Social reading and reviewing, decentralized with ActivityPub

Contents

Joining BookWyrm

BookWyrm is still a young piece of software, and isn't at the level of stability and feature-richness that you'd find in a production-ready application. But it does what it says on the box! If you'd like to join an instance, you can check out the instances list.

Contributing

There are many ways you can contribute to this project, regardless of your level of technical expertise.

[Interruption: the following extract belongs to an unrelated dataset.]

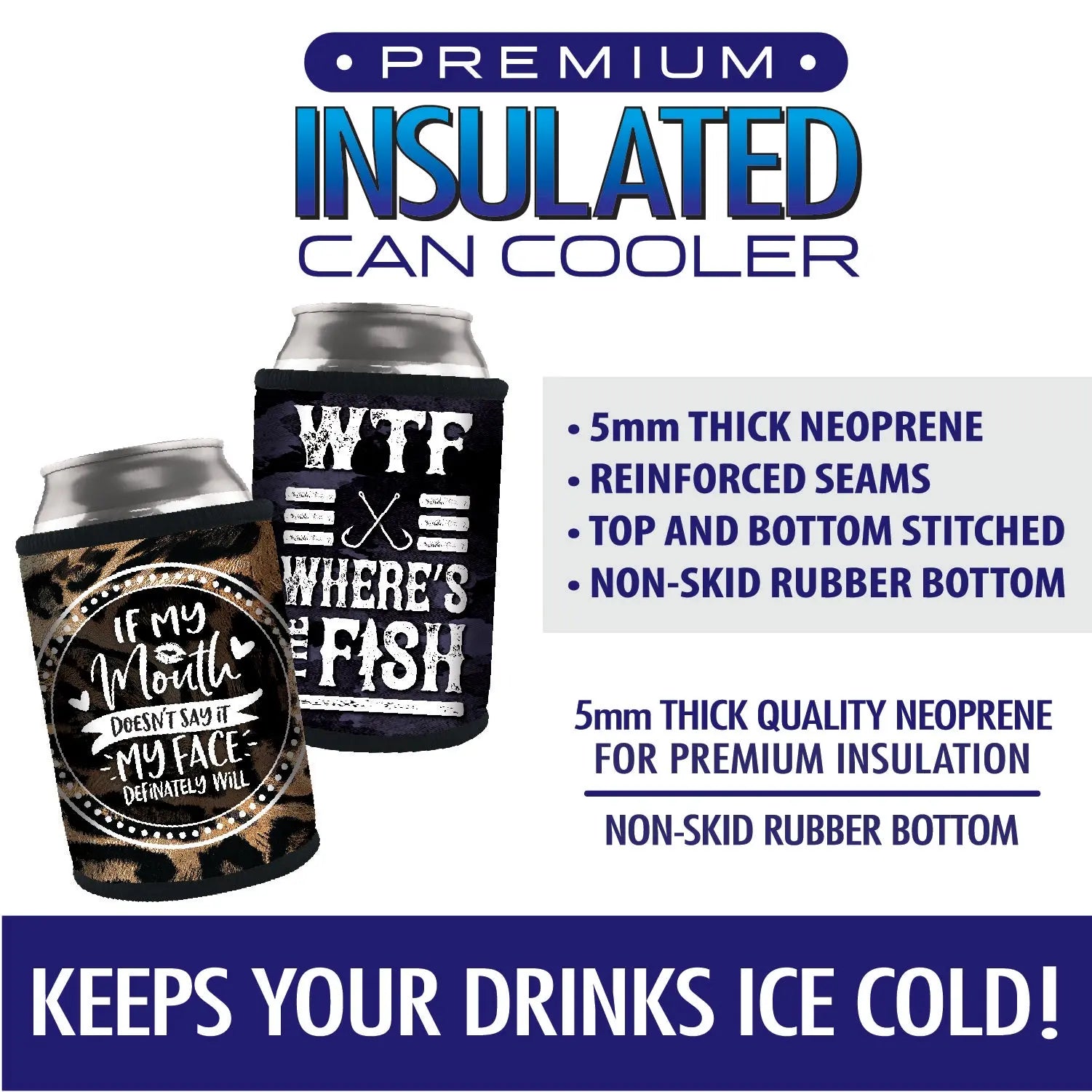 Neoprene Can & Bottle Cooler - 12 Pieces Per Retail Ready Display 23134 POLAR GEAR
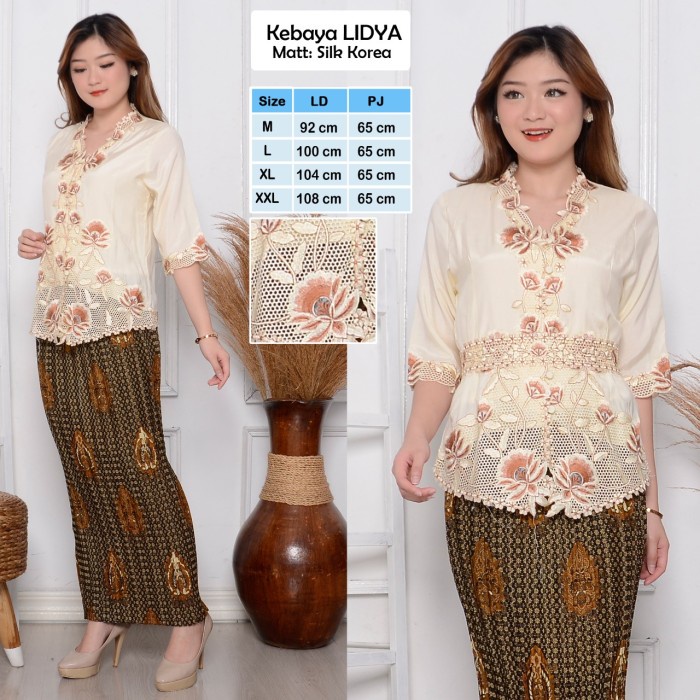 Atasan Kebaya Bordir Modern MewahKebaya WisudaKebaya Kondangan - XXL, Gading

Feedback and feature requests

Please feel encouraged and welcome to point out bugs, suggestions, feature requests, and ideas for how things ought to work using GitHub issues.

Code contributions

Code contributions are gladly welcomed! If you're not sure where to start, take a look at the "Good first issue" tag. Because BookWyrm is a small project, there isn't a lot of formal structure, but there is a huge capacity for one-on-one support, which can look like asking questions as you go, pair programming, video chats, et cetera, so please feel free to reach out.

If you have questions about the project or contributing, you can set up a video call during BookWyrm "office hours".

Translation

Do you speak a language besides English? BookWyrm needs localization! If you're comfortable using git and want to get into the code, there are instructions on how to create and edit localization files. If you feel more comfortable working in a regular text editor and would prefer not to run the application, get in touch directly and we can figure out a system, like emailing a text file, that works best.

Financial Support

BookWyrm is an ad-free passion project with no intentions of seeking out venture funding or corporate financial relationships. If you want to help keep the project going, you can donate to the Patreon, or make a one time gift via PayPal.

About BookWyrm

What it is and isn't

BookWyrm is a platform for social reading! You can use it to track what you're reading, review books, and follow your friends. It isn't primarily meant for cataloguing or as a data-source for books, but it does do both of those things to some degree.

The role of federation

BookWyrm is built on ActivityPub. With ActivityPub, it inter-operates with different instances of BookWyrm, and other ActivityPub compliant services, like Mastodon. This means you can run an instance for your book club, and still follow your friend who posts on a server devoted to 20th century Russian speculative fiction. It also means that your friend on mastodon can read and comment on a book review that you post on your BookWyrm instance.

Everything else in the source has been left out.